DESCRIPTION OF THE TASK: In the records below, find the line with "كم حقيقي بشرت" and the line with "بشرط كفالە عام✅". Print both exactly, along with every line between them, and no other line.
== EXERCISE MATERIALS ==
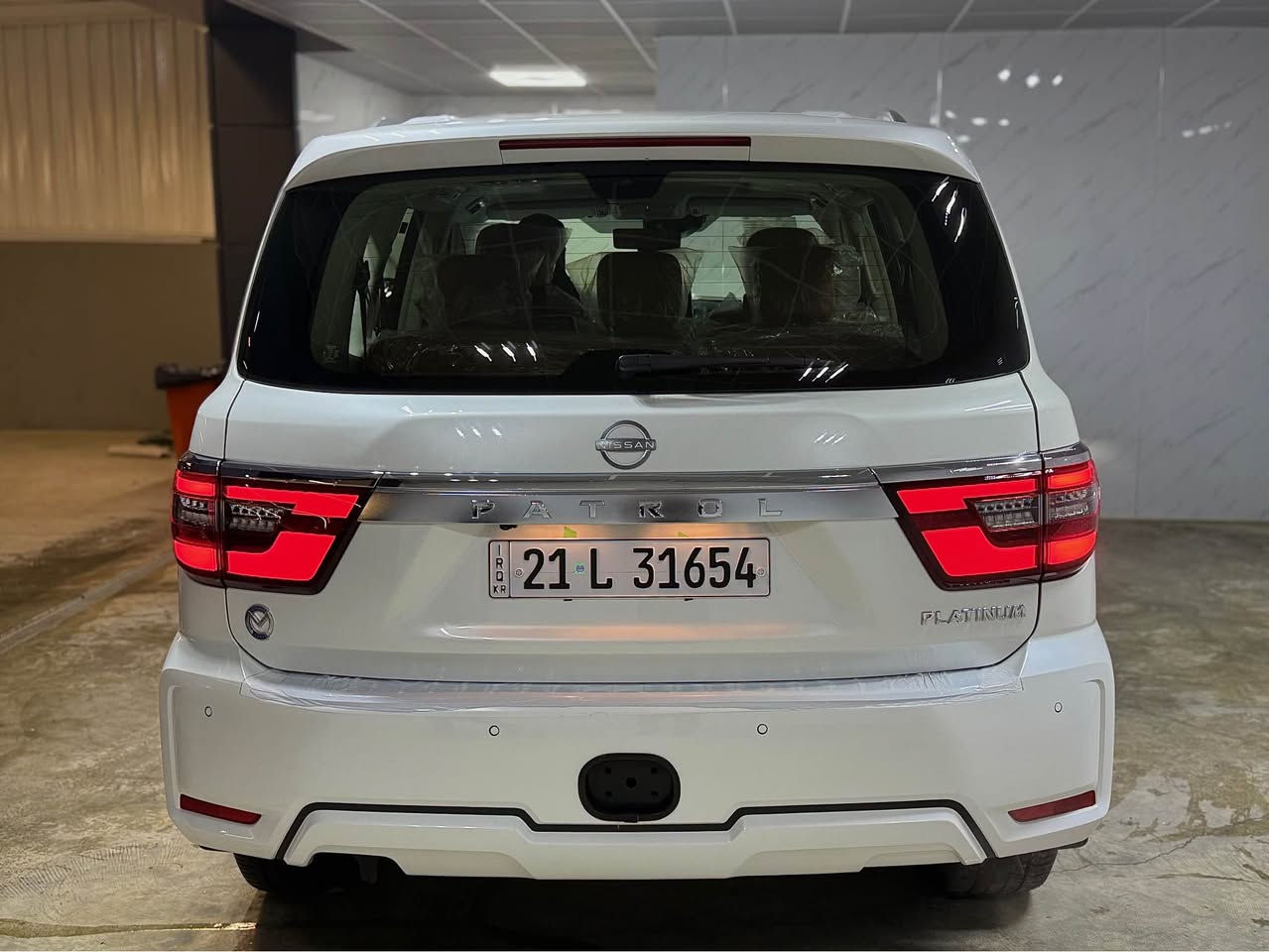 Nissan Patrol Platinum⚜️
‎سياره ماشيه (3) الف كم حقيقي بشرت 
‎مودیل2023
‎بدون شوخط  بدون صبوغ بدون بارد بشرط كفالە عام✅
===
== EXERCISE MATERIALS ==
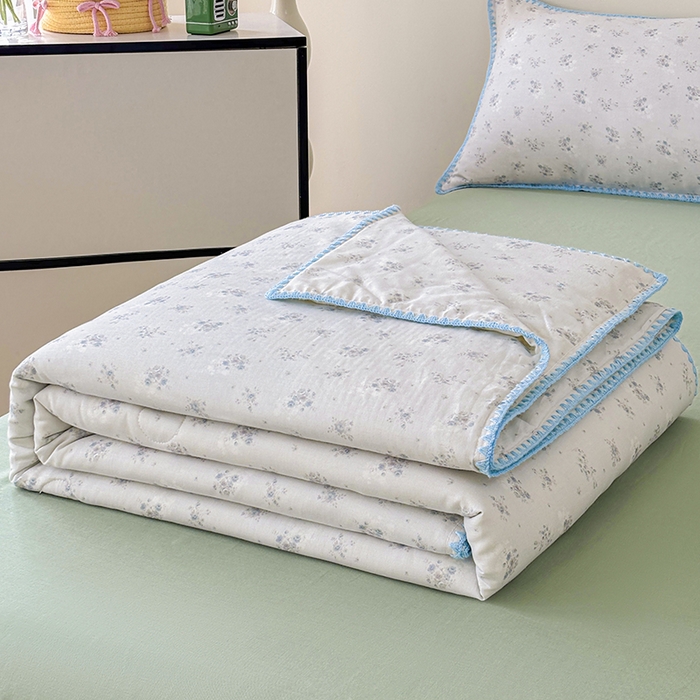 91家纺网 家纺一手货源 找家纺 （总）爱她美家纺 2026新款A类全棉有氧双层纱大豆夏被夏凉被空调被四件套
===
== EXERCISE MATERIALS ==
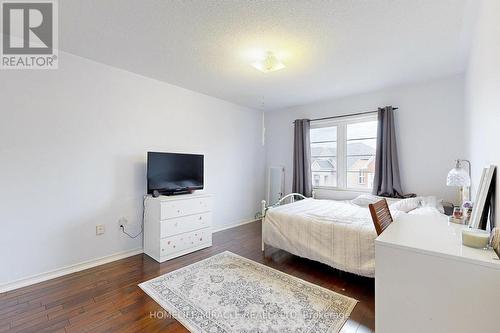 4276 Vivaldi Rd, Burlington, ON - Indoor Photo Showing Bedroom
===
RESPONSE AREA:
‎سياره ماشيه (3) الف كم حقيقي بشرت 
‎مودیل2023
‎بدون شوخط  بدون صبوغ بدون بارد بشرط كفالە عام✅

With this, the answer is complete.